[ASSIGNMENT] Drop the pictures from the entries below, then reproduce the rest exactly.

[SUPPLIED DATA]
════
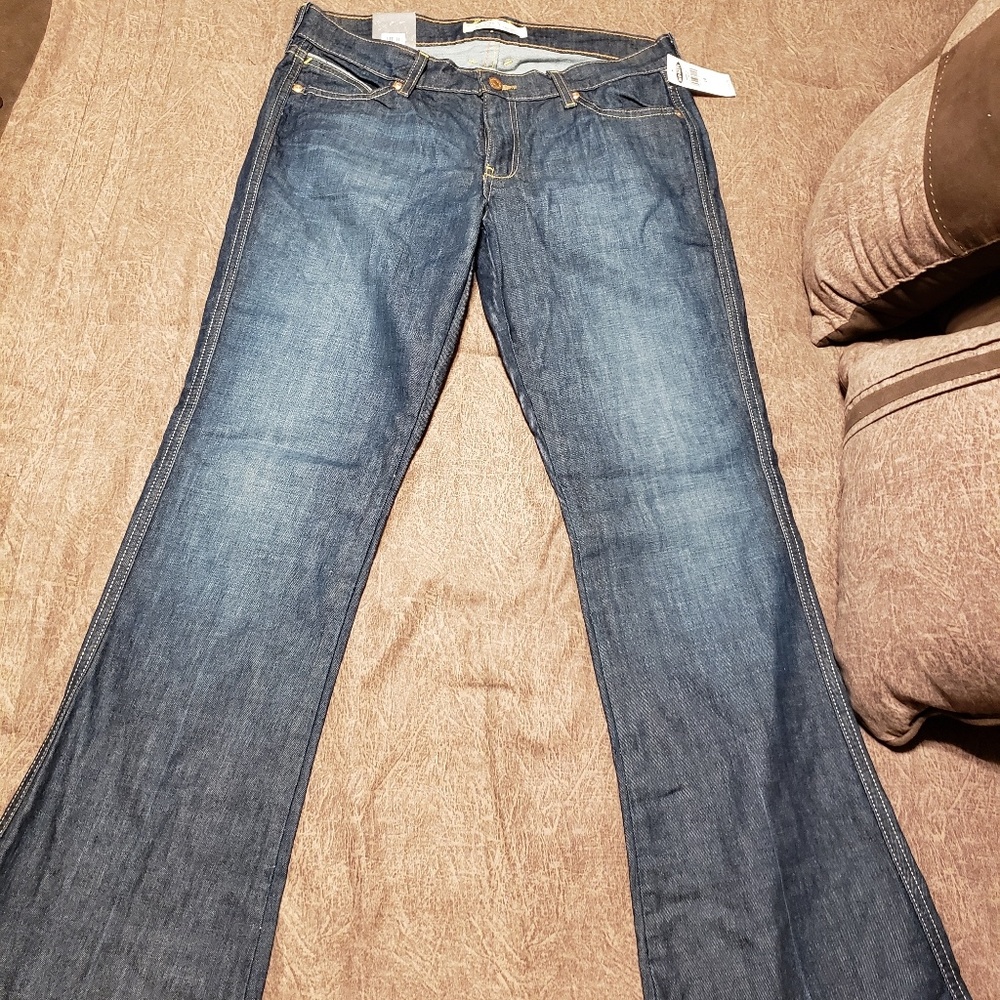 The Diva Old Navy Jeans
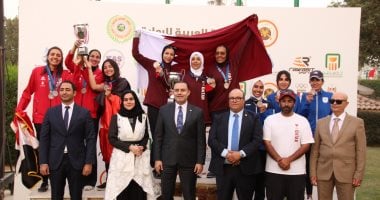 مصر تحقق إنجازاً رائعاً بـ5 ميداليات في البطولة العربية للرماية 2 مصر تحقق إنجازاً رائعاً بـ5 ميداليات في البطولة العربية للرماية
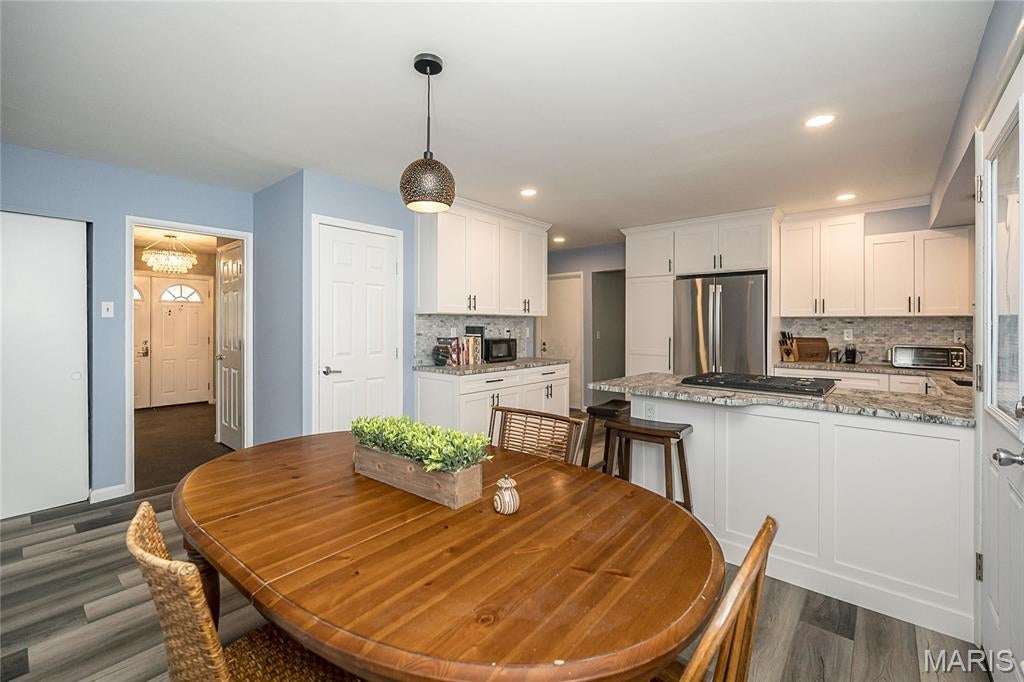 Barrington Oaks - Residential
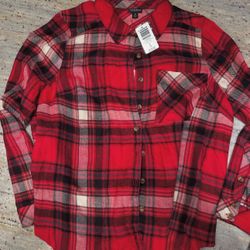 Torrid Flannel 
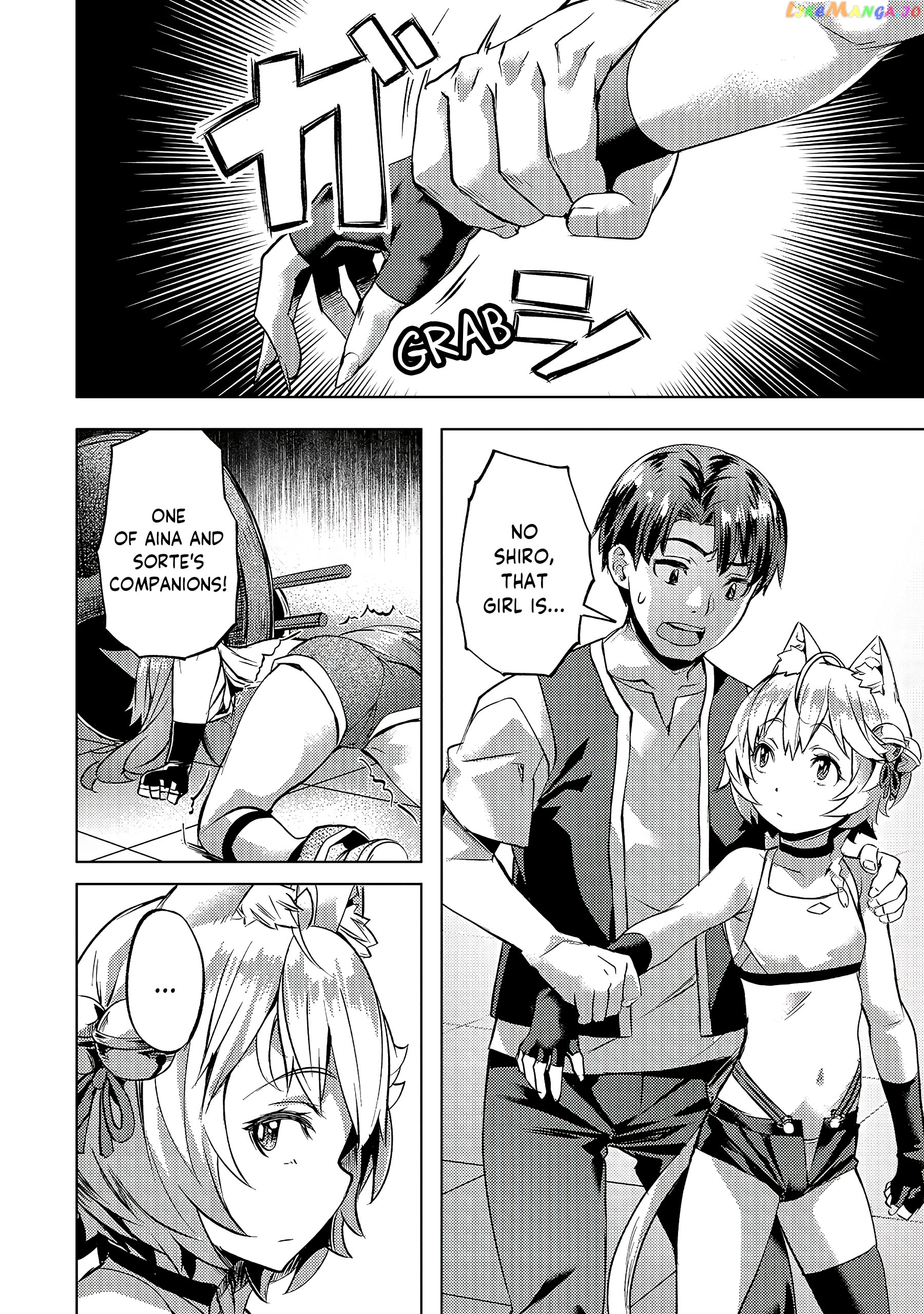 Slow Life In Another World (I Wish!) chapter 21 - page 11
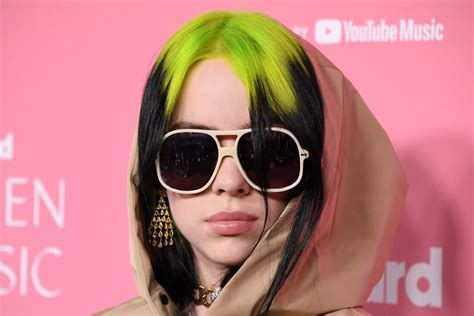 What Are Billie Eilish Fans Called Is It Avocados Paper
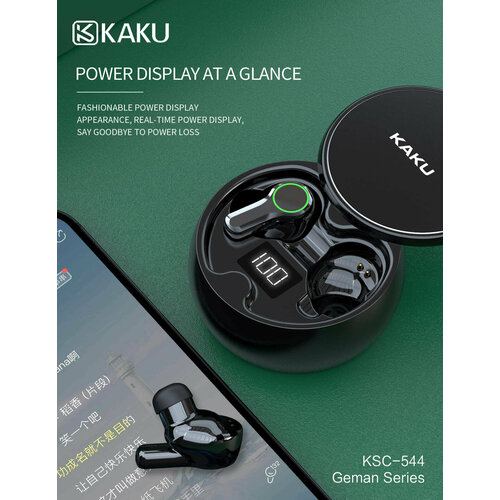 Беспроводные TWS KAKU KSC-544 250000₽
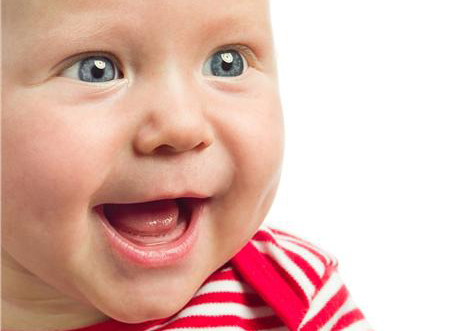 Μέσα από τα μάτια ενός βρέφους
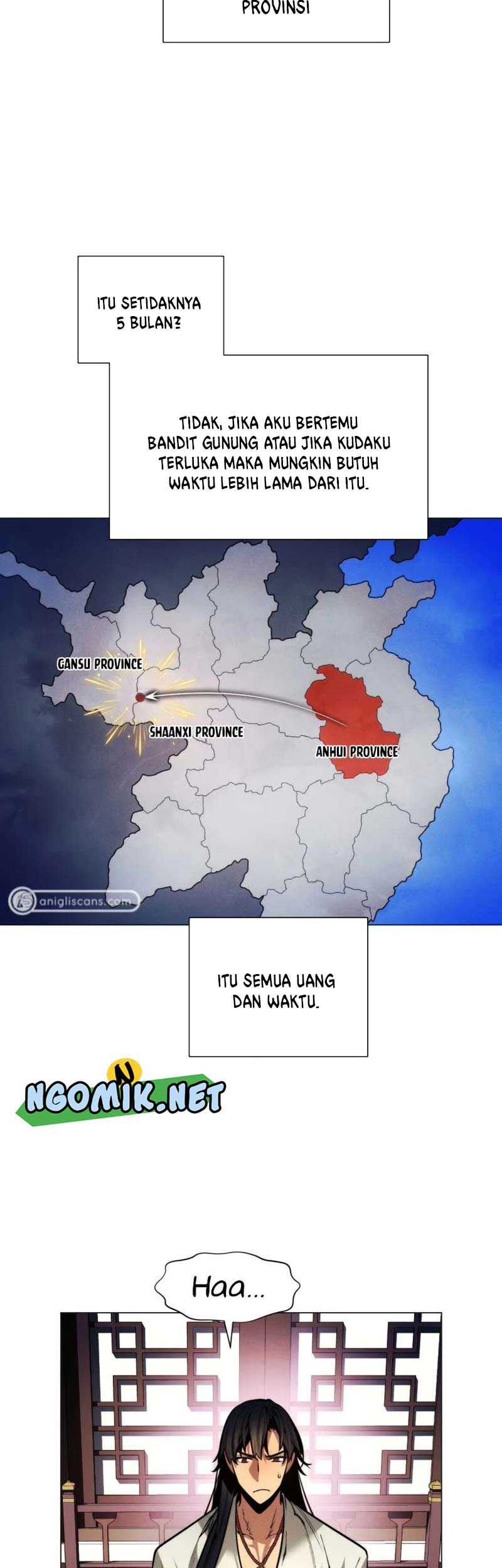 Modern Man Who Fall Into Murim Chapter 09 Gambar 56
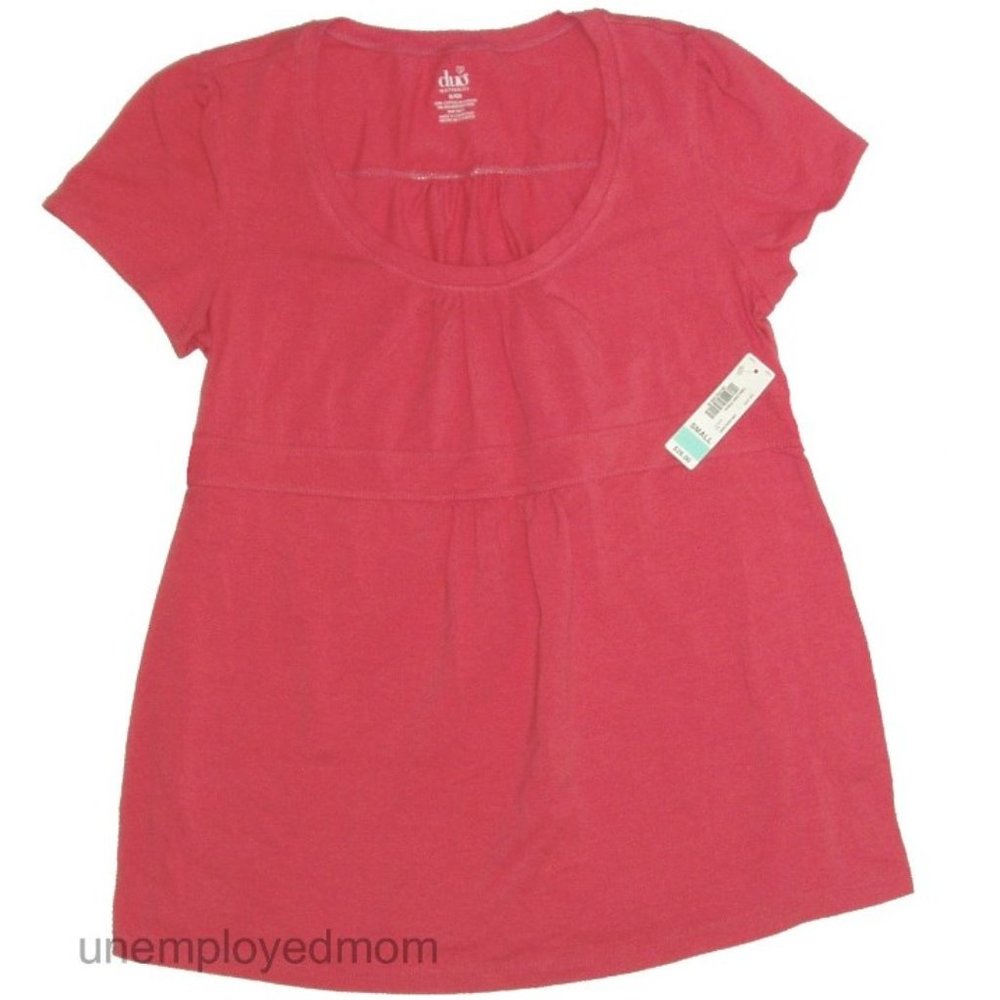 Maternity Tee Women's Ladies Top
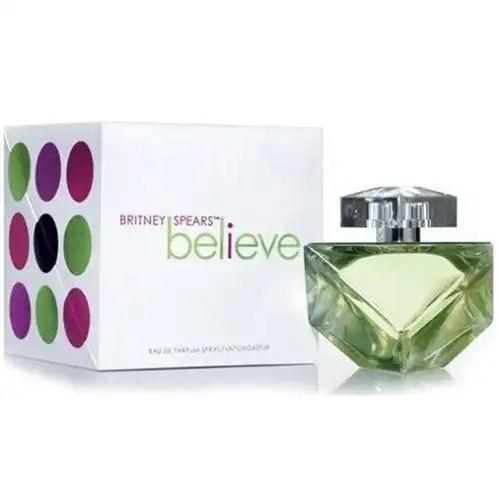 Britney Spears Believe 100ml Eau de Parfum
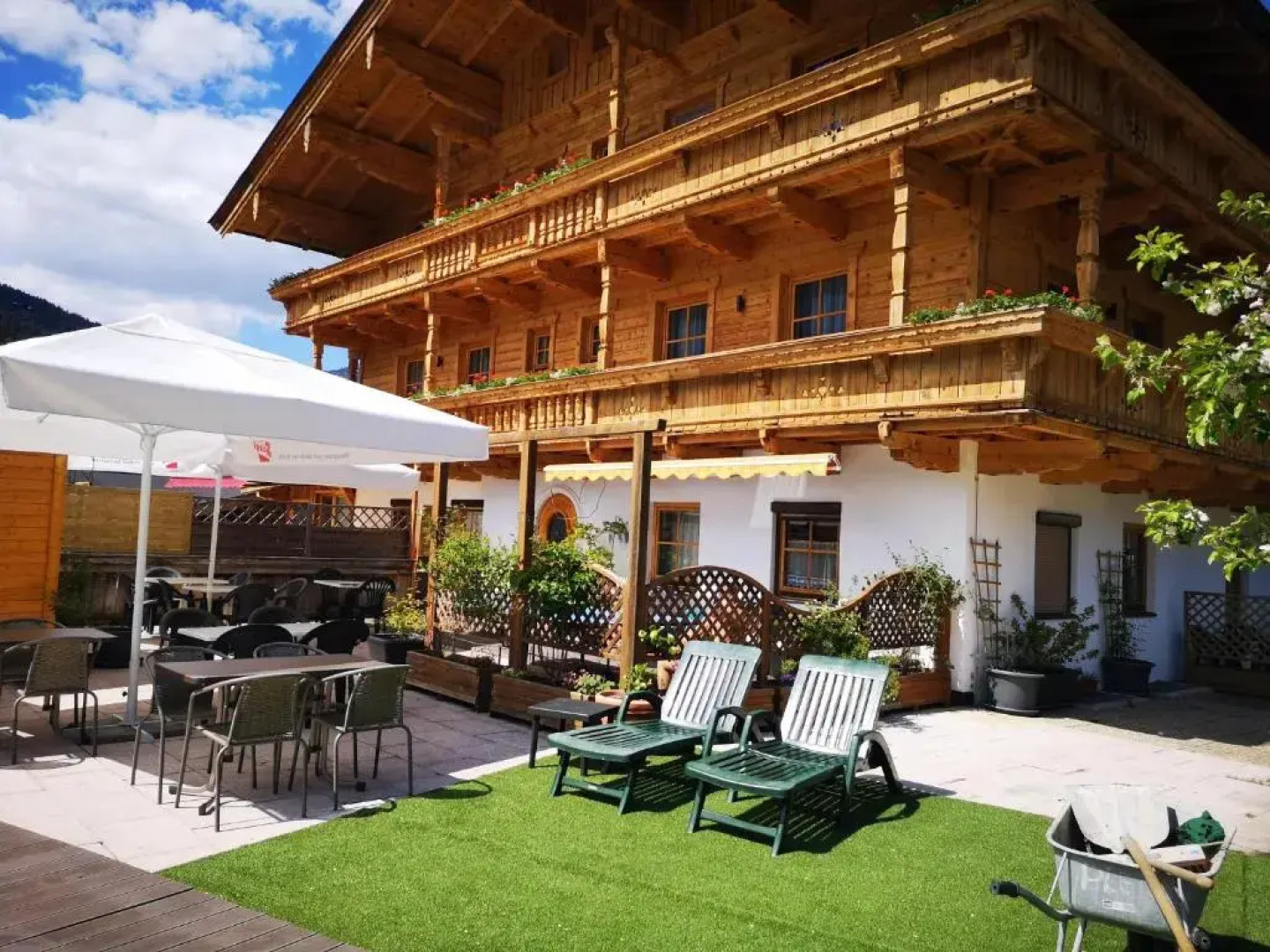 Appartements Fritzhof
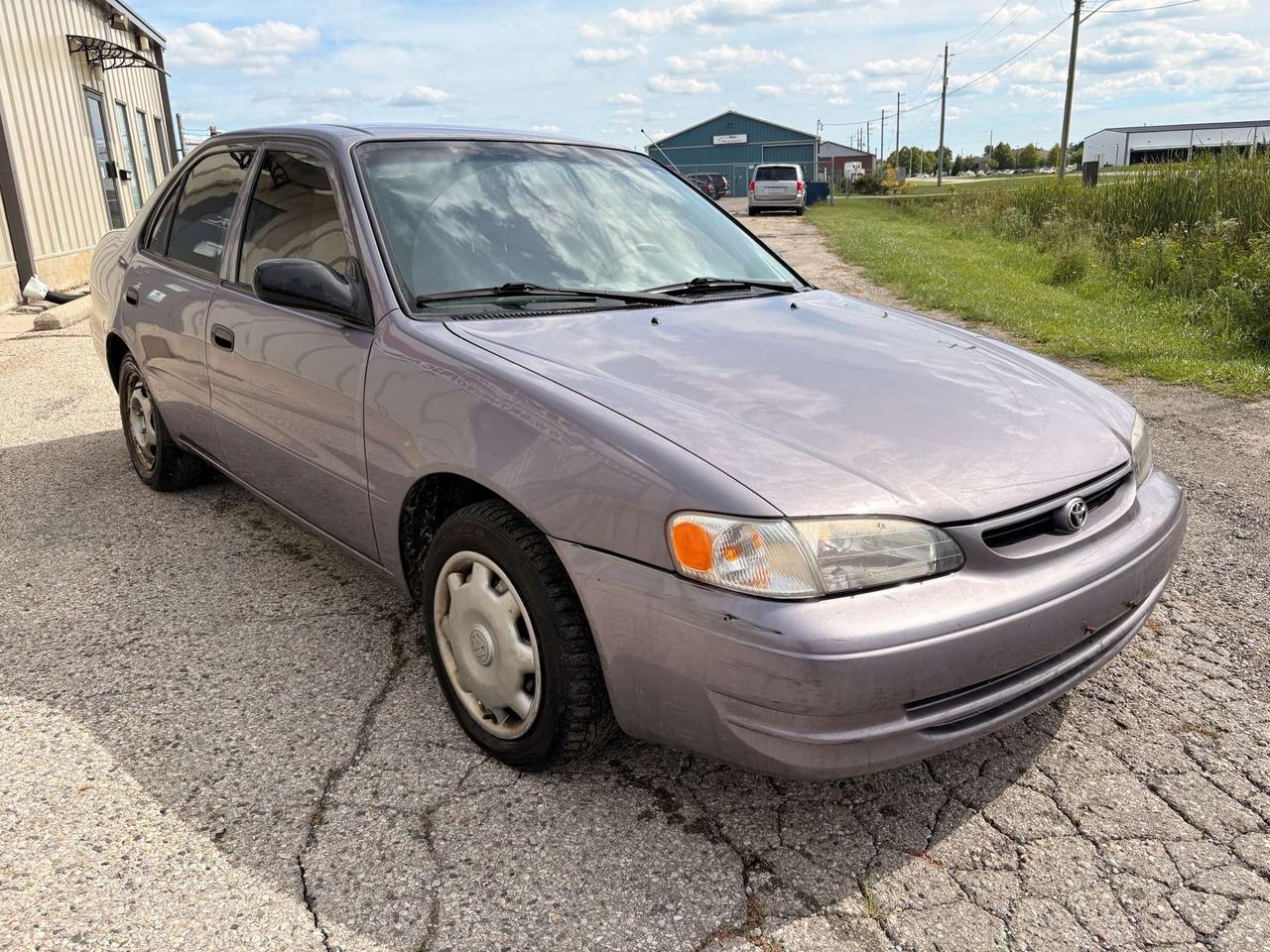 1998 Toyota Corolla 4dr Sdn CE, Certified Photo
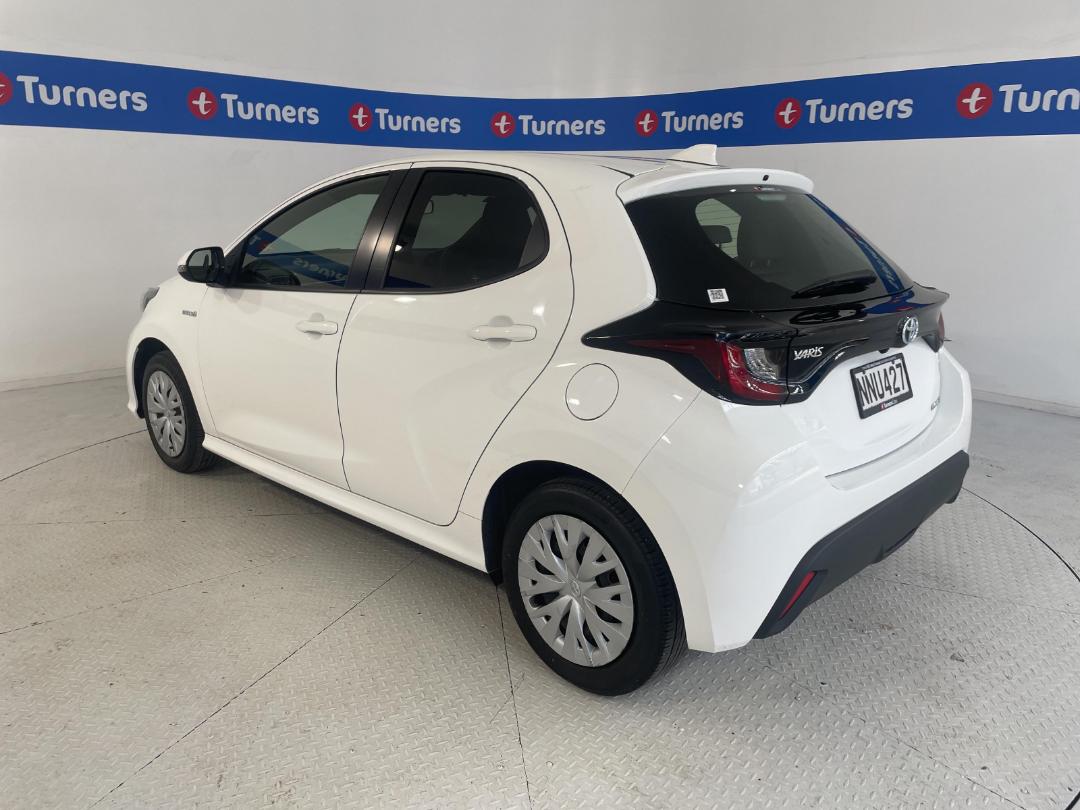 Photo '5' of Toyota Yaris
════
[FINAL ANSWER]
 The Diva Old Navy Jeans
 مصر تحقق إنجازاً رائعاً بـ5 ميداليات في البطولة العربية للرماية 2 مصر تحقق إنجازاً رائعاً بـ5 ميداليات في البطولة العربية للرماية
 Barrington Oaks - Residential
 Torrid Flannel 
 Slow Life In Another World (I Wish!) chapter 21 - page 11
 What Are Billie Eilish Fans Called Is It Avocados Paper
 Беспроводные TWS KAKU KSC-544 250000₽
 Μέσα από τα μάτια ενός βρέφους
 Modern Man Who Fall Into Murim Chapter 09 Gambar 56
 Maternity Tee Women's Ladies Top
 Britney Spears Believe 100ml Eau de Parfum
 Appartements Fritzhof
 1998 Toyota Corolla 4dr Sdn CE, Certified Photo
 Photo '5' of Toyota Yaris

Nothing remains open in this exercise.